The Sniffing Interface is not assigned an IP address and receives traffic from a network
TAP or the SPAN port of a network switch.

9
An important advantage to capturing network traffic, comes from the bonus
information collected from network conversations (conversations between
communicating hosts).

A passive sensor not only collects the traffic from “managed” company assets, but it also
sees traffic from other host assets and services that are attempting to communicate
with your “managed” host assets (including communications coming from unknown or
“unmanaged” assets).
For more information and details on deploying and using Passive Sensor, see the “Global
IT Asset Inventory and Management Self-Paced Training Course” (qualys.com/learning).

10
Cloud Connector
Create connectors for your AWS, Google, and Azure accounts.

Enumerate cloud instances and collect useful metadata such as:


• Instance or virtual machine ID
• Location or region
• External and private IPs
• Installed software and active services
• and much more...
Search Tip: Within the Qualys Asset Inventory application, use the “inventory.source”
query token, to quickly find AWS, Azure, and Google instances:
• AWS - inventory.source:INSTANCE_ID
• Azure – inventory.source:VIRTUAL_MACHINE_ID
• Google – inventory.source:GCP_INSTANCE_ID
Leverage Qualys Cloud Security Assessment (CSA), to identify and correct
misconfigurations.

11
Container Sensor
Qualys Container Sensor is installed on a Docker host as a container application, right
alongside other containers.

Once installed, CS will assess all new and existing Docker images and containers for
vulnerabilities (i.e., Qualys KnowledgeBase).

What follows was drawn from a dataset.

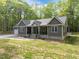 Charming exterior of a gray home featuring a covered porch, white trim, and a well-maintained front yard at 5402 Shealtiel Way, Rougemont, NC 27572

Types of Container Sensors:


• General – Scan Docker hosts.
• Registry – Scan images in public or private registries.
• CI/CD Pipeline – Scan images within CI/CD pipeline (e.g., Jenkins and Bamboo).
For more information and details on deploying and using Qualys Container Sensors, see
the “Container Security Self-Paced Training Course” (qualys.com/learning).

12
Container Runtime Security
Qualys Container Runtime Security provides container runtime visibility and protection
and allows you to create rules or policies to actively block or prevent unwanted actions
or events within your container applications.

This is achieved by instrumenting images with Container Security components that


gather functional-level, behavioural data about the processes running within a
container.
We use an application-native instrumentation process that provides complete visibility of
the application inside the container. The instrumentation is very lightweight and
provides configurable data collection options with low\no impact on application
containers.
This behavioural data is then used by Container Security to monitor process activity,
allowing you to apply security policies and custom security controls, to block specific
events or attempted activities.
Container Runtime Security (CRS) can be deployed for both on-prem and cloud
container environments and is particularly useful for securing containers in a CaaS
environment where the underlying host infrastructure is managed by a cloud service
provider.
Presently, the Container Runtime Security instrumenter supports the following registries
for instrumentation:
• Public registries: Docker Hub
• Private registries: v2-private registry: JFrog Artifactory (secure: auth + https)

13
Global IT Asset Inventory

The Qualys Asset Inventory (AI) application collects raw data from Qualys Sensors and
then adds its own categorization, normalization and enrichment.
Qualys provides Level 1 and 2 categories for Hardware, Operating Systems, and
Software Application assets.

Dynamic Rule-Based Tags


Qualys Asset Inventory provides multiple rule engines for creating dynamic Asset Tags.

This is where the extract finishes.